Some explanations of the Elo rating system say it is based on the normal distribution, which is not quite true. Elo’s original idea did model each player’s ability as a normal distribution. The difference between the two players strengths would then also be a normal distribution. However, the formula for a normal distribution is a bit messy so today it is preferred to model each player using an extreme value distribution. The difference between the two players strengths is then a logistic distribution. This has the property that if a player has a rating 400 points more than another player they are 10 times more likely to win, this makes the formula nicer to use. Practically, the difference between a logistic distribution and the normal distribution is small.

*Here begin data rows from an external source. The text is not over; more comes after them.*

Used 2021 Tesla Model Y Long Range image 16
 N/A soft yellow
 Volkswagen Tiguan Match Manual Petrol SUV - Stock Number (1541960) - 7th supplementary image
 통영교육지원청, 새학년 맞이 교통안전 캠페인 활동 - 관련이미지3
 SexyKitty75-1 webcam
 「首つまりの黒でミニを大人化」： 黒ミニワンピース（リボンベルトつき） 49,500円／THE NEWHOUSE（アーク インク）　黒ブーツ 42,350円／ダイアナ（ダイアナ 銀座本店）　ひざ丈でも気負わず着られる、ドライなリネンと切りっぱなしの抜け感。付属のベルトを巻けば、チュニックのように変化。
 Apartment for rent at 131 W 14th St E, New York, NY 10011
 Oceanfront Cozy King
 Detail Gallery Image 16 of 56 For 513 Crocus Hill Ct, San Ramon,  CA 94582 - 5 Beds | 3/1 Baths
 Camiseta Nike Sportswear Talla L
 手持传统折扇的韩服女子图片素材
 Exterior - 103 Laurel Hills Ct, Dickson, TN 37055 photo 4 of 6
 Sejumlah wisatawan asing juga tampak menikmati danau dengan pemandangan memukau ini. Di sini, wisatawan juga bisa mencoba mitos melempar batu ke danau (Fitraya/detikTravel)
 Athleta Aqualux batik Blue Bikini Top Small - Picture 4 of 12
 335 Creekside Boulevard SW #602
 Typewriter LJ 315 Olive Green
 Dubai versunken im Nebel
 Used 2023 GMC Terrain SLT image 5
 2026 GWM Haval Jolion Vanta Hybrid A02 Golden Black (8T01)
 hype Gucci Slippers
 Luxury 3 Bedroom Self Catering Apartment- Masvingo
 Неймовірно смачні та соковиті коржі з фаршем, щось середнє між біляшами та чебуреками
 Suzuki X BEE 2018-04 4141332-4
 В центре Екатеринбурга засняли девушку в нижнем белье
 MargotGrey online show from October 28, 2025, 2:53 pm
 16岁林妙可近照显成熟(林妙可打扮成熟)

Logistic distribution on Wikipedia

We replace e with base 10, s=400, mu=R_A – R_B and x=0 in the cdf.

For the update formula I say that your rating can increase or decrease by a maximum of 32 points, and I said there was no special reason for that. This value is called the K-factor, and the higher the K-factor the more weight you give to the players tournament performance (and so less weight to their pre-tournament performance). For high level chess tournaments they use a K-factor of 16 as it is believed their pre-tournament rating is about right, so their rating will not fluctuate as much. Some tournaments use different K-factors.

In the original Elo system, draws are not included, instead they are considered to be equivalent to half a win and half a loss. The paper by Mark Glickman above contains a formula that includes draws. Similarly the paper contains a formula that includes the advantage to white.

Another criticism of Elo is the reliability of the rating. The rating of an infrequent player is a less reliable measure of that player’s strength, so to address this problem Mark Glickman devised Glicko and Glicko2. See descriptions of these methods at

On the plus side, the Elo system was leagues ahead of what it replaced, known as the Harkness system. I originally intended to explain the Harkness system as well, so here are the paragraphs I cut:

“In the Harkness system an average was taken of everyone’s rating, then at the end of the tournament if the percentage of games you won was 50% then your new rating was the average rating.

If you did better or worse than 50% then 10 points was added or subtracted to the average rating for every percentage point above or below 50.

This system was not the best and could produce some strange results. For example, it was possible for a player to lose every game and still gain points.”

This video was suggested by Outray Chess. The maths is a bit harder, but I liked the idea so I made a in-front-of-a-wall video.